Newest AI Papers This Week

Monthly AI Paper Summaries

Newest AI Papers This Week - June 1, 2024

0:00

-14:32

Newest AI Papers This Week - June 1, 2024

Tunadorable

May 31, 2024

Transcript

Welcome to Tunadorable's weekly AI newsletter, where we summarize his favorite articles of the week that he plans to read.

This article was written by gpt-3.5-turbo-16k on 2024-05-31.

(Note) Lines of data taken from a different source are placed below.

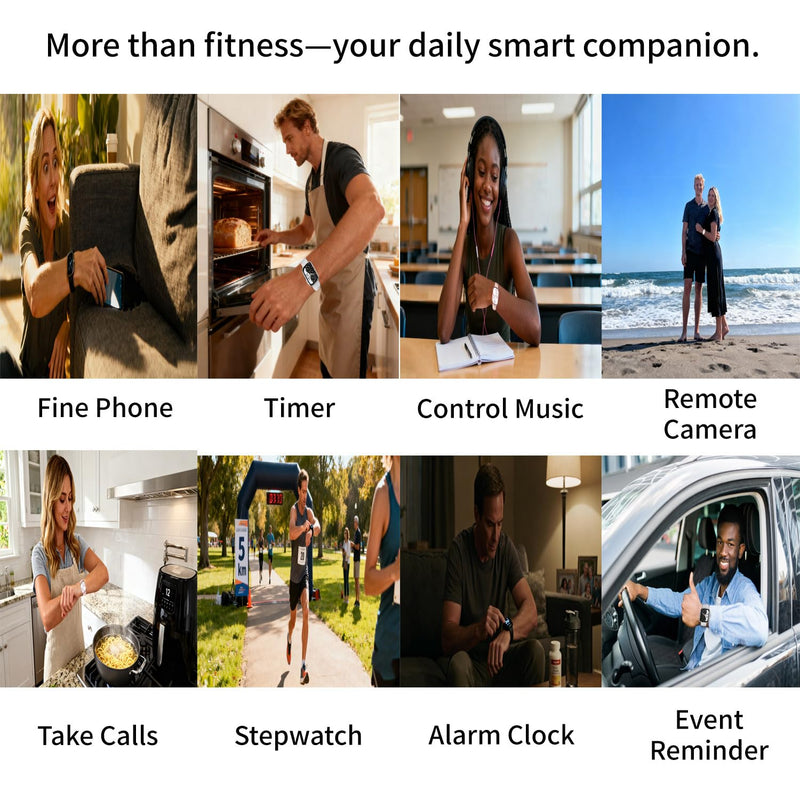 Smart Watch Fitness Tracker, Ultra HD 1.95" AMOLED Display (410×502 High Resolution) | 3ATM Waterproof | Heart Rate/Sleep Tracker | 130+ Sports/Fitness Modes, Bluetooth Calling, Smart Notifications
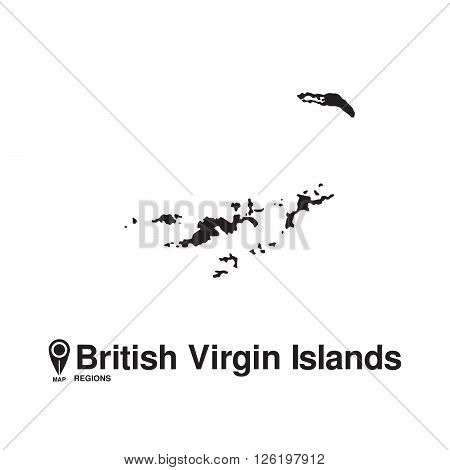 British Virgin Islands map regions. vector map silhouette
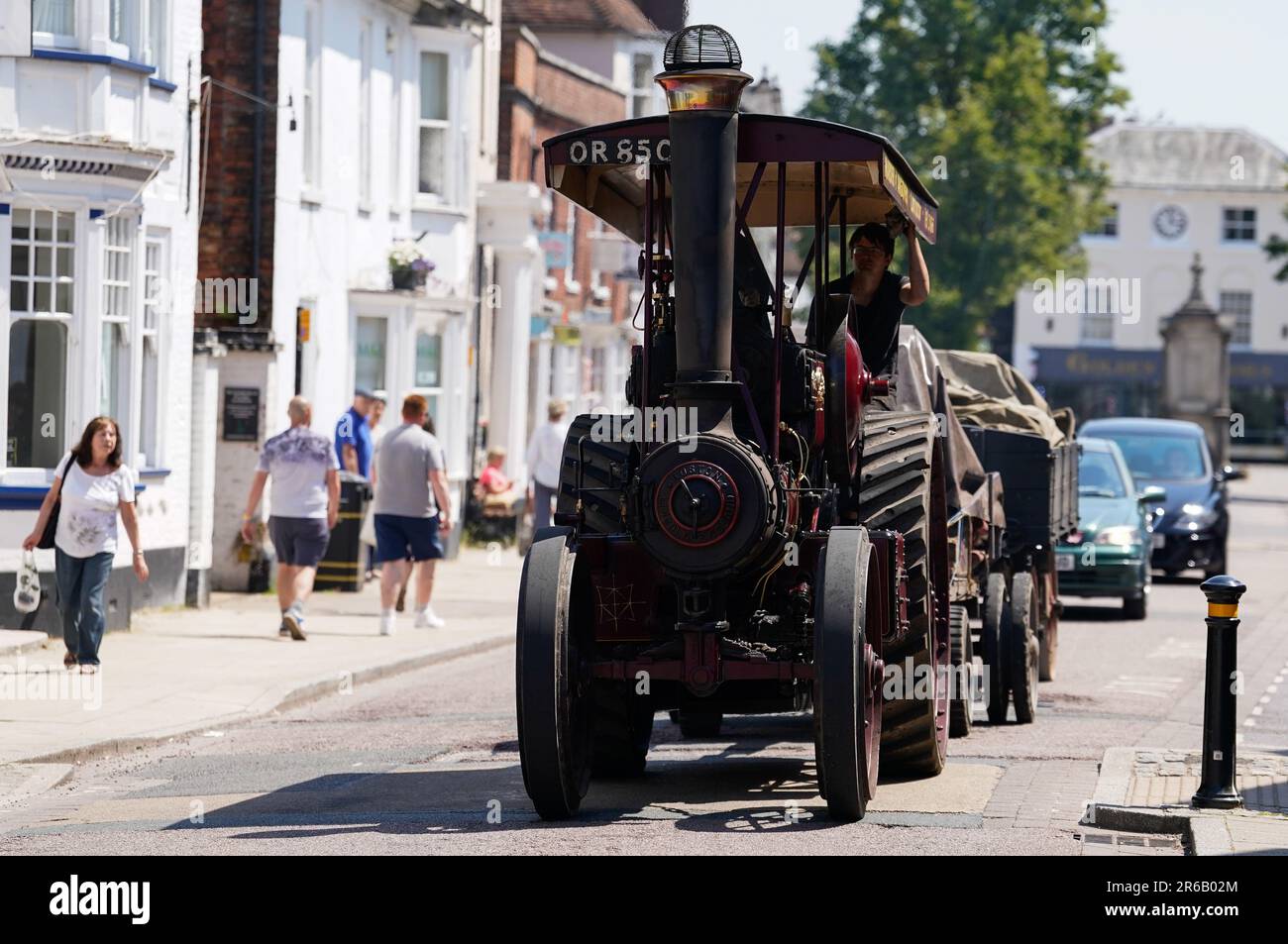 The Ruston Proctor Tractor 52453, 'The Lincoln Imp', is driven through Petersfield in Hampshire as it travels to the Mid Hants Railway, also known as the Watercress Line, to take part in their Vintage Vehicles weekend which runs from 9-11 June. Picture date: Thursday June 8, 2023. Stock Photo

# Why Algorithms Remain Unjust - Power Structures Surrounding Algorithmic Activity

This paper examines the power structure surrounding Algorithmic Activity, which refers to the research, development, training, and deployment of algorithms in society. The author argues that Algorithmic Activity perpetuates social injustices because it is dominated by economic power rather than social empowerment. Traditional approaches to addressing algorithmic injustices, such as algorithmic reformism, have failed because they do not consider the larger power dynamics at play. The author employs a framework developed by Erik Olin Wright to analyze the power configuration surrounding Algorithmic Activity and proposes transformative strategies for social empowerment. The paper concludes by calling for future work to integrate these transformations and develop mechanisms for social empowerment in Algorithmic Activity.

# Transformers represent belief state geometry in their residual stream

This study explores the computational structure learned by transformers, specifically in relation to the representation of belief states. The researchers propose that transformers trained on next-token prediction develop internal structures that reflect the meta-dynamics of belief updating over hidden states of the data-generating process. They use the theory of optimal prediction and the Mixed State Presentation (MSP) to make predictions about the geometry of internal activations in transformers.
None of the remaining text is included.